### RECORDS FOR PROCESSING

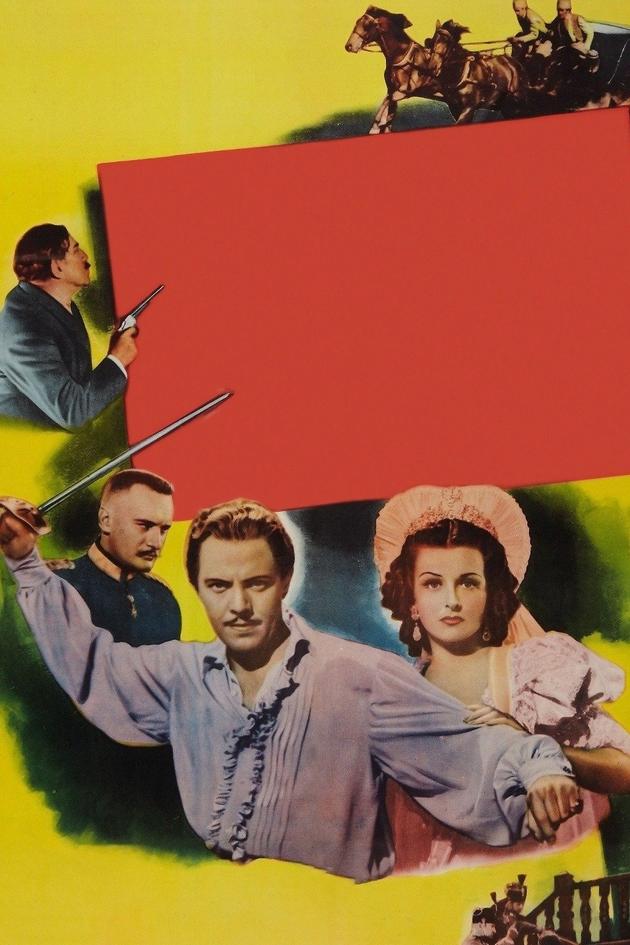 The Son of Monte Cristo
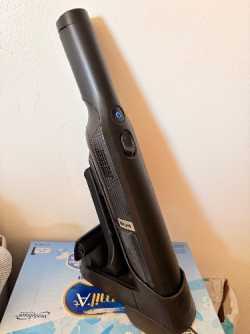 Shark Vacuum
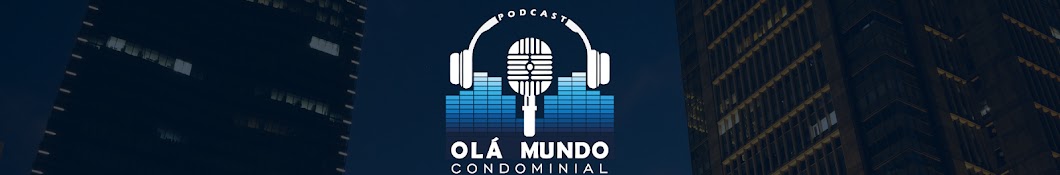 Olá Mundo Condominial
* * *
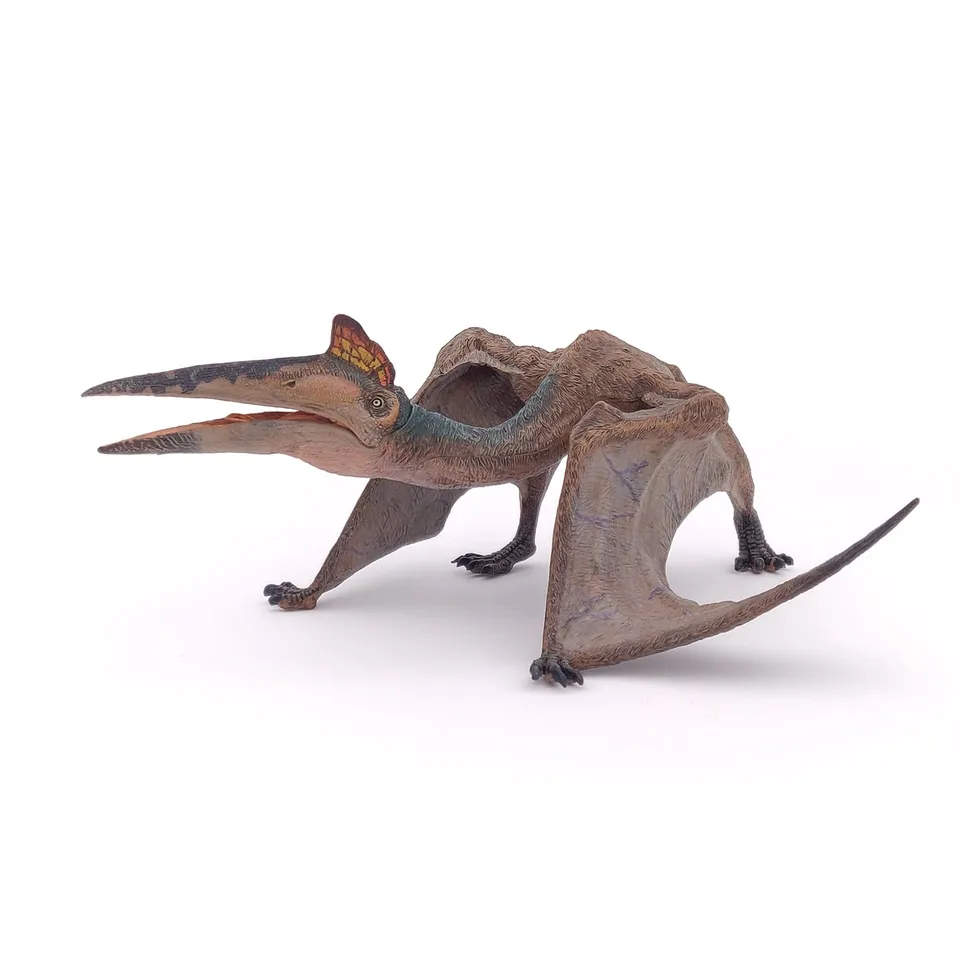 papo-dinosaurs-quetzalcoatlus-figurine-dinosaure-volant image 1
* * *
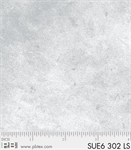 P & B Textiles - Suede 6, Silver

### ACTIVITY
In the listing above, find the line containing "The Son of Monte Cristo" and the line containing "Olá Mundo Condominial"; print those lines and every line between them exactly, leaving out pictures.

### EXERCISE OUTPUT
 The Son of Monte Cristo
 Shark Vacuum
 Olá Mundo Condominial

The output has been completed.